Do you care about Iowa? You'd better, friend. The media demand nothing less than total engagement on a campaign event that "could prove pivotal," according to a report on the front page of The New York Times.

Speaking of pivotal, I went into the kitchen Sunday to do some "puttering around." When I was a kid, my family used to talk a lot about puttering around because of a man I'll call Mr. Reuben, our next-door neighbor. Mr. Reuben appeared to spend every waking moment puttering around, mainly in the garage/driveway zone. We marveled at this, filled with admiration. Mr. Reuben raised puttering to an art form.

Nobody in America putters around any more. My mother reports that even Mr. Reuben isn't puttering much these days, and there are various theories as to why. I think he's inside, tracking the Iowa story. How can you putter around when something this pivotal is happening right in your own country?

But as of last Sunday, the gravity of the situation hadn't hit me yet. So I'm in the kitchen with the radio tuned to my favorite music station, and they're playing a fantastic Sammy Davis Jr. song. For puttering purposes, it doesn't get any better than Sammy Davis Jr. After a while, I'm moving into the really good space, the puttering nirvana that I imagine Mr. Reuben used to achieve every day, before Iowa came to town.
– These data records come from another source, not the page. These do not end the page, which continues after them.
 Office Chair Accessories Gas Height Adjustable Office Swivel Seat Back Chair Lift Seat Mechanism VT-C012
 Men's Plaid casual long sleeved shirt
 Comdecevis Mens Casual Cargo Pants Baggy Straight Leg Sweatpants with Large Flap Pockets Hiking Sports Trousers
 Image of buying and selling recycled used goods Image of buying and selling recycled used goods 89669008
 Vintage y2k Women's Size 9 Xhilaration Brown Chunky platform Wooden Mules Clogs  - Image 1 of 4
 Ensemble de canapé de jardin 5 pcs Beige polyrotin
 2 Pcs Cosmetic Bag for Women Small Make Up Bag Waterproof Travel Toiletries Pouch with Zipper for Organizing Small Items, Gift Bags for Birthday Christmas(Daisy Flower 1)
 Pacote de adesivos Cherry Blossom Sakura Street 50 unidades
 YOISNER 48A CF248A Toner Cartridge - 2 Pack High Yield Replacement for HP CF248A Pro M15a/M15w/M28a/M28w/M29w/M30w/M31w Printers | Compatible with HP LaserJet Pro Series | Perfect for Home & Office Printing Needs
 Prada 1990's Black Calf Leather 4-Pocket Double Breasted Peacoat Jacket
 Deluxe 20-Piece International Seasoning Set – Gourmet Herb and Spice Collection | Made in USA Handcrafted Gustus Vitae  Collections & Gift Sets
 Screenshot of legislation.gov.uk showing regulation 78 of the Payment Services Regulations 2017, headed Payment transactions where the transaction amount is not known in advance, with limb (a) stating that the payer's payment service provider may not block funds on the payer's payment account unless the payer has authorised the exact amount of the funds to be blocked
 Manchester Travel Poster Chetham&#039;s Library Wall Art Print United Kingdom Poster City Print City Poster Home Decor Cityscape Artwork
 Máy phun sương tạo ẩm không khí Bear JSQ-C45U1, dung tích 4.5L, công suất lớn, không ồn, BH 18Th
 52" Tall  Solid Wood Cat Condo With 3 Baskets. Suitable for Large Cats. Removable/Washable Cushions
Then, bam, it's the top of the hour and the music cuts off so the station can switch over to news. You know what that means: The very latest on the situation in ... Iowa! It turns out that CBS Radio has interviewed all the candidates, and over the next few days America would have a chance to hear their actual words and thoughts just in case we missed them when they were published and broadcast pretty much around the clock for the past several months. I forget who came on first—Gephardt, maybe, and I think he was touting his union endorsements. It was brutal, trying suddenly to care, but I did my best.

So long, puttering. Hello, Iowa. They say Iowa's a nice, unassuming place, but I don't buy it. I've come to suspect that Iowa is a power-mad empire with ambitions to dominate every facet of life in America and maybe the world. There's mounting evidence that Iowa has entered into a secret nonaggression pact with the media. You Iowans smile sweetly for the cameras and give us a daily feed of homespun quotes, and we'll make you stars. If you're really good, we'll make you pivotal.

Why are the media desperate for us to care about Iowa? Because the media themselves care about Iowa, deeply. Journalists are members of a class of people who can't think about anything right now except Iowa. President Bush is also a member of this class: The New York Times reported last weekend that Bush is "wholly absorbed" by the presidential race. But there are average citizens in this class, too. Some Americans are so avid about presidential politics, they've made their own anti-Bush commercials and entered them in a contest, which naturally has gotten wide media coverage.

Still, the class of true political obsessives is tiny, and the media feel a little guilty about belonging to it, about behaving less and less like everyday people and more and more like the political operatives they cover. Any journalist with a brain knows that covering the Iowa vote is one thing, but covering it this much and this breathlessly, suggesting that the future of the Republic hinges on this one story, is really kind of dumb and pointless. Iowa doesn't decide anything—candidates have won Iowa and lost the nomination—and the media know this.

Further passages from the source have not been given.